Sunday, March 16, 2008

Hubris, Experience’s Last Lesson

Time magazine had a recent story about the experience issue in this election cycle and whether Obama had enough or not. The magazine provided a chart showing the experience of all the previous presidents and what kind of experience they had prior to taking office, specifically: public service, congress, or military. I would link to it but Time did not include it the same story online. It was one very informative chart. Amazingly, some of our best presidents had the least experience and some of our worse had the most. What does that tell us?
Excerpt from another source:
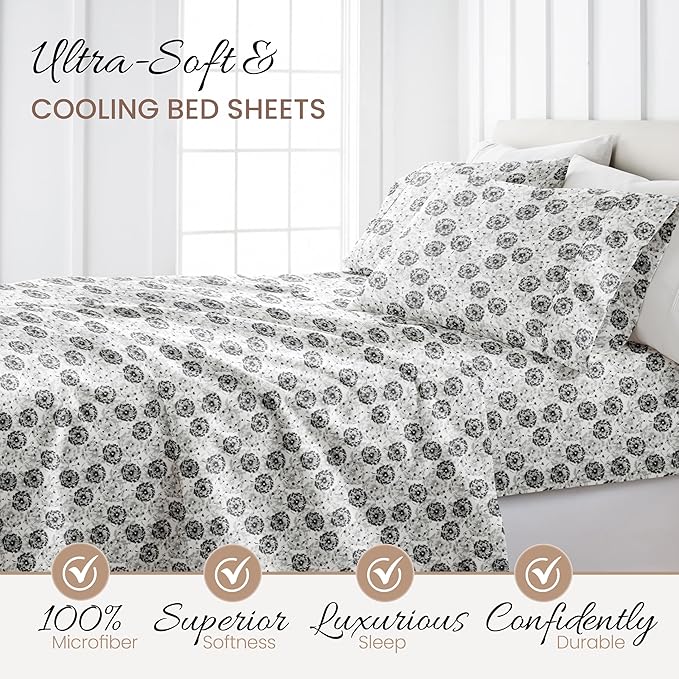 Linen Market 4 Piece King Sheet Set - Breathable, Double-Brushed Patterned Cooling Sheets – Oeko-TEX Certified Ultra Soft & Wrinkle-Free 16" Deep-Pocket King Sheets - Easy Care Make a Wish Light Gray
I saw a recent set of stories of the development of the internet and one theme that seemed to run through all the episodes was how companies lost out because they became big, dominate, and failed to notice changes in the market over which they had seemedly complete control. Microsoft did it to IBM and then nearly had it done to them when they fail to see the internet coming. Netscape was the browser everybody used and didn’t think they had to talk to Microsoft when they woke up and realized the importance of the internet. Who uses Netscape now?

Experience breeds arrogance which will lead to anyone's undoing. It is experience’s last lesson before someone with less experience takes over. And then the cycle begins again.

In the history of American policy, few have had as much experience as Dick Cheney and Don Rumsfeld and yet their hubris, the arrogance they displayed against any critic or detractor, the authority with which they dismissed the experts in the State Department, CIA, and anywhere else that knew they were wrong led to where we are today in Iraq and their reputation in that ol’ dustbin of history of the forgotten and ruined.

Perhaps someone with less experience is willing to listen to others that have more of it or at least others who have different opinions. Maybe that’s the best lesson experience can teach us: to not rely on experience too much. The best experience is to be open to new experience without prejudice or bias, to not let experience go to your head and make you forget how you gained that experience in the first place.

To some, experience leads to hubris, to others it leads a humility and openness to new experiences. Let us hope our experience will be the latter whoever is elected come November 4, 2008.